The magic of well run 1:1s

Agile and software delivery

My personal experience as an IT professional has always been that 1:1s often got deprioritized, continuously rescheduled for weeks or sometimes months, and when they did happen they were mostly used as opportunities to provide unidirectional top down updates.

As I have discovered relatively late in my career, 1:1s are instead by far the most important meetings as a manager.

It is really saddening to see how in the software industry somehow this importance is the least recognized.

Some of my past managers even believed that 1:1s could be completely replaced by informal chats throughout the week, passing by near a desk, just syncing up on what’s happening and discussing primarily tech specific issues in an ad-hoc and unanticipated way.

When it comes to the software industry it seems like being innovative in the name of technology is a must.
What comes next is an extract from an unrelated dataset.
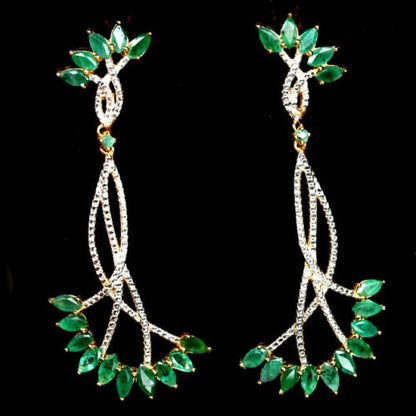 Smaragd Ohrringe aus gelbvergoldetem Silber - INARA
Yet if there is one area where every business professional with direct reports should be focused on without exceptions is exactly this very traditional one.

Good 1:1s

The fundamental misunderstanding around 1:1’s is that they are not yet another meeting to catch up on things. They should be instead specifically set up as a safe moment where

  1. your direct reports have a chance to be heard,
  2. problems are surfaced and discussed,
  3. feedback is provided and your support becomes tangible.

The foundations of this approach are easy to identify.

If it’s true that people quit bosses and not jobs, research has consistently shown the measurable impact of listening to employees’ grievances as a way to increase engagement and lengthen work tenures - even when the manager is not in a position to provide definitive solutions - as it’s often the case.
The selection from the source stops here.